Data shown:
----------
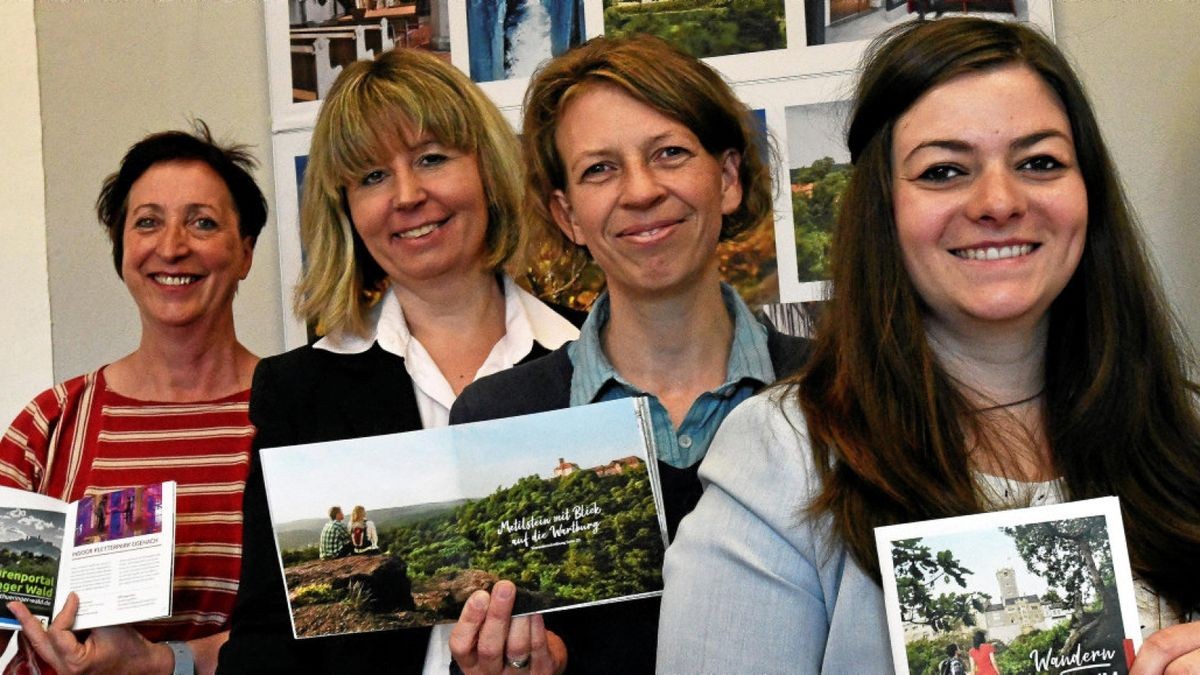 Heidi Brandt vom Landratsamt, Annette Krumrey vom Hotel „Thüringer Hof“ , Carola Schumacher von der Touristikgesellschaft und Lisa Schmidt von der Stadtverwaltung (von links) stellen den neuen Wanderführer vor.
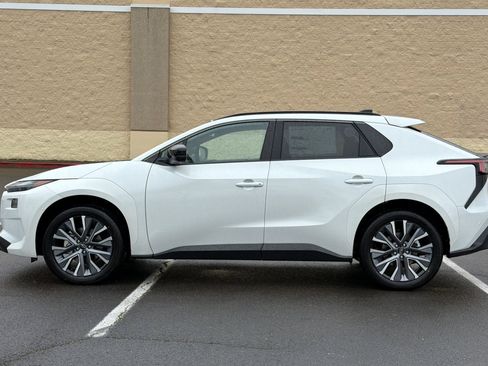 New 2026 Subaru Solterra Limited image 7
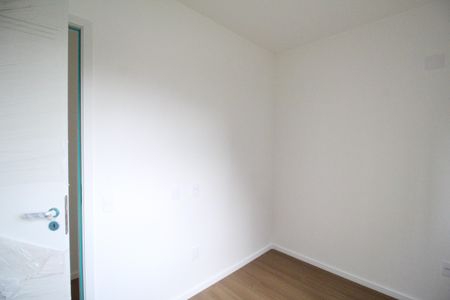 Quarto 1 de apartamento para alugar com 2 quartos, 62m² em Barra Olímpica, Rio de Janeiro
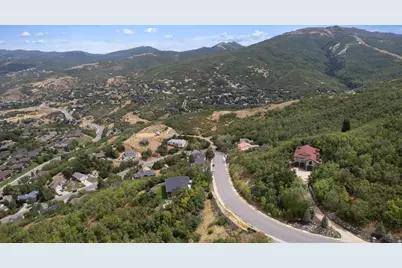 2461 S Maple Hills Dr E #24, Bountiful, UT 84010 - Photo 4
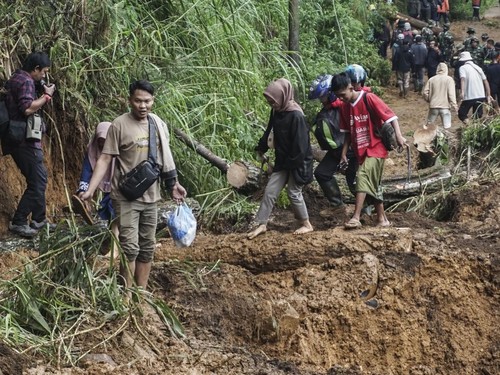 Waspada Potensi Longsor di Jaksel dan Jaktim Sepanjang Juli 2025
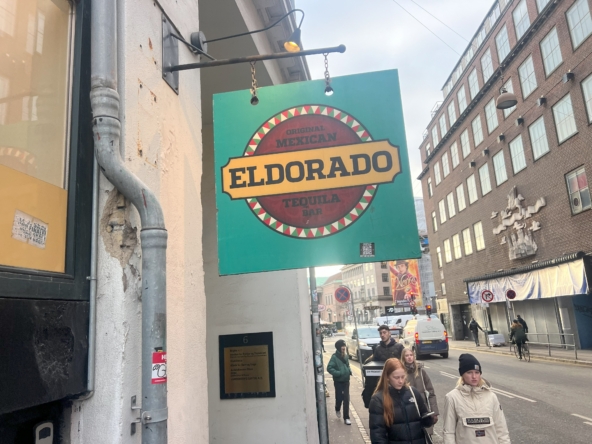 Indgangen til Eldorado Bar, med sit karakteristiske skilt og farverige dekorationer.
----------
Try it:
Pictures aside, reproduce all of the material above without alteration.

Output of the task:
 Heidi Brandt vom Landratsamt, Annette Krumrey vom Hotel „Thüringer Hof“ , Carola Schumacher von der Touristikgesellschaft und Lisa Schmidt von der Stadtverwaltung (von links) stellen den neuen Wanderführer vor.
 New 2026 Subaru Solterra Limited image 7
 Quarto 1 de apartamento para alugar com 2 quartos, 62m² em Barra Olímpica, Rio de Janeiro
 2461 S Maple Hills Dr E #24, Bountiful, UT 84010 - Photo 4
 Waspada Potensi Longsor di Jaksel dan Jaktim Sepanjang Juli 2025
 Indgangen til Eldorado Bar, med sit karakteristiske skilt og farverige dekorationer.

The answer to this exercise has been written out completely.